**Prompt:**
Your answer should be the lines below from the one with "Alternative view of Incubadora Tende VAV" to the one with "West Covina DMV Office", both included, given again exactly and with nothing added.

**Data for the task:**

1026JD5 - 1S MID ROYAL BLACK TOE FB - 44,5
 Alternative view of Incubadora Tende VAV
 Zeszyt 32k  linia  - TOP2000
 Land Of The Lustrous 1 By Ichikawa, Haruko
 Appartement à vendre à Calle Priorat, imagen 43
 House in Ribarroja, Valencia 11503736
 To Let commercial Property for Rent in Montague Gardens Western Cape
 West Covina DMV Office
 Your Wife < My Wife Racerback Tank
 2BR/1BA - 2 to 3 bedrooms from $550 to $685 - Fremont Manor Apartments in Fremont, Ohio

**Exercise solution:**
 Alternative view of Incubadora Tende VAV
 Zeszyt 32k  linia  - TOP2000
 Land Of The Lustrous 1 By Ichikawa, Haruko
 Appartement à vendre à Calle Priorat, imagen 43
 House in Ribarroja, Valencia 11503736
 To Let commercial Property for Rent in Montague Gardens Western Cape
 West Covina DMV Office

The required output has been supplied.